Description of the task: Nothing but the lines from the one containing "Daly City Dentist" through the last line of the records belongs in the answer, copied exactly and with the pictures left out.

Image-caption web data
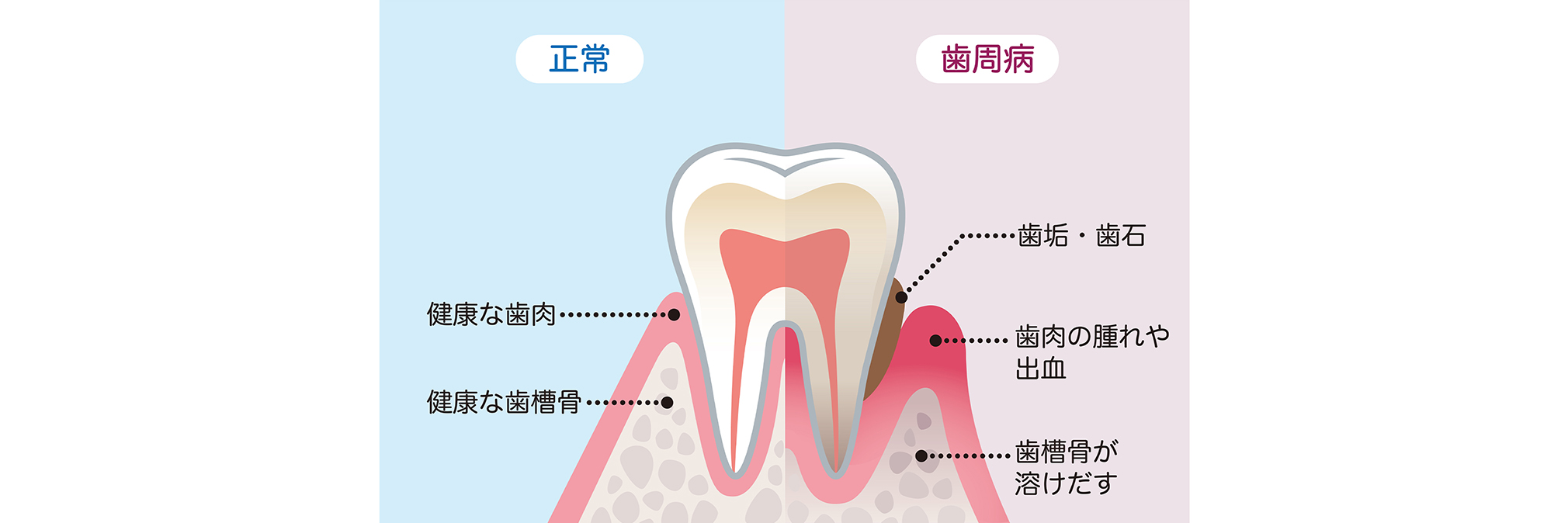 歯周病は気づかないうちに骨を溶かすことも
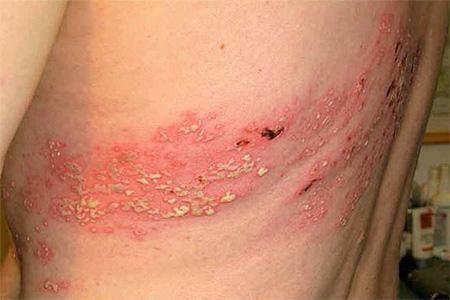 Shingles and its treatment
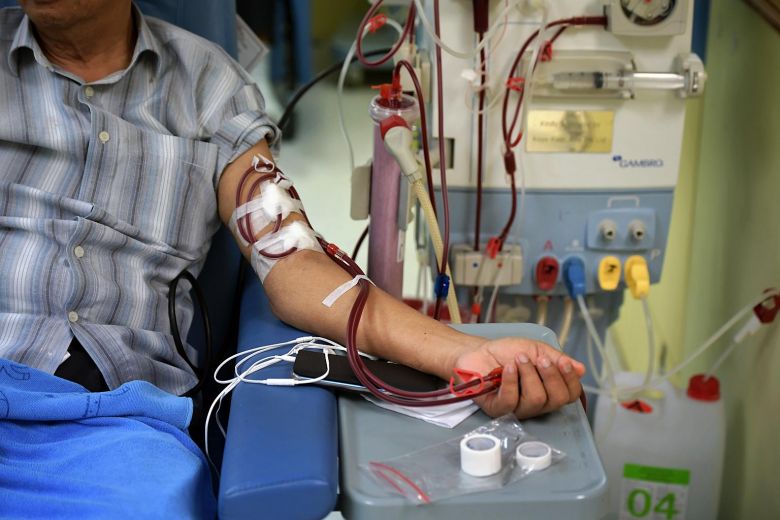 Kidney Dialysis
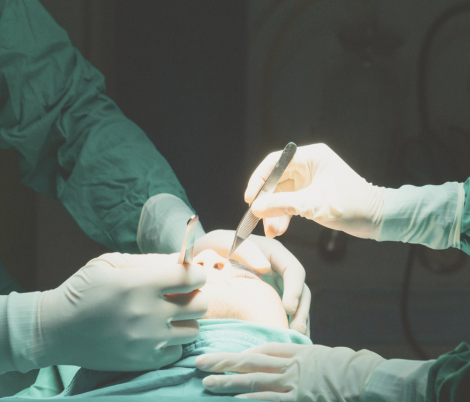 glaucoma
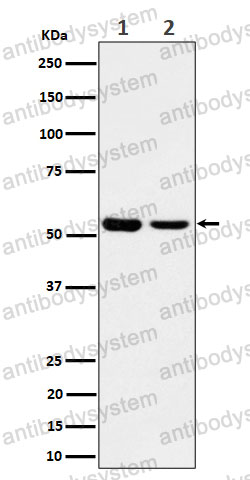 Anti-AAMP Antibody (R2E92)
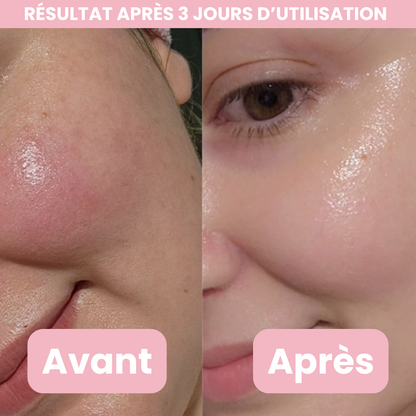 Moolinse - Crème Medicube au collagène rose et PDRN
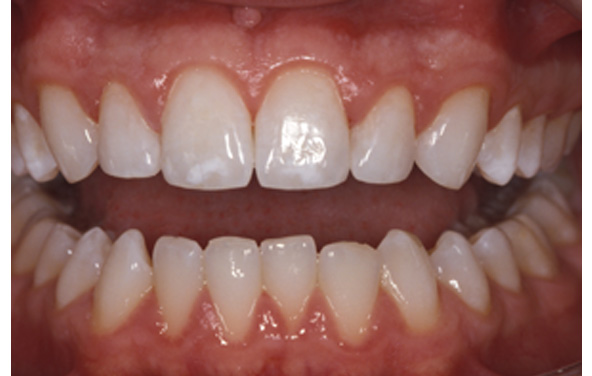 PG-BondingFilling-2bb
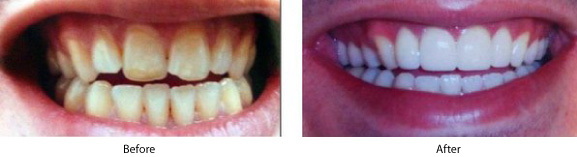 Dental Veneers - 	Belva Dental, Daly City Dentist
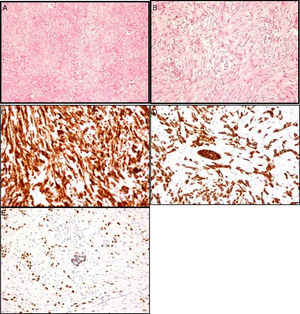 Estudio histológico-inmunohistoquímico: A) Proliferación de células fusiformes. B) Patrón infiltrativo en el tejido circundante. C) Vimentina (marcador estromal). D) Tinción de citoqueratinas AE1-AE3 (marcador epitelial). E) Tinción de los núcleos de las células mioepiteliales con p63.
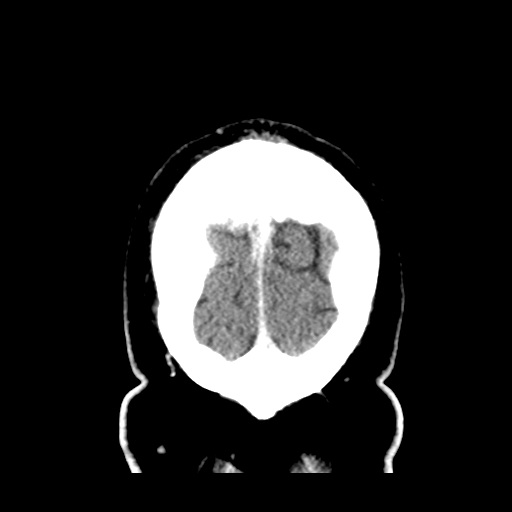 Atypical meningioma (WHO grade II) with brain invasion (Radiopaedia 57767-64728 Coronal C+ 59).png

Task solution:
 Dental Veneers - 	Belva Dental, Daly City Dentist
 Estudio histológico-inmunohistoquímico: A) Proliferación de células fusiformes. B) Patrón infiltrativo en el tejido circundante. C) Vimentina (marcador estromal). D) Tinción de citoqueratinas AE1-AE3 (marcador epitelial). E) Tinción de los núcleos de las células mioepiteliales con p63.
 Atypical meningioma (WHO grade II) with brain invasion (Radiopaedia 57767-64728 Coronal C+ 59).png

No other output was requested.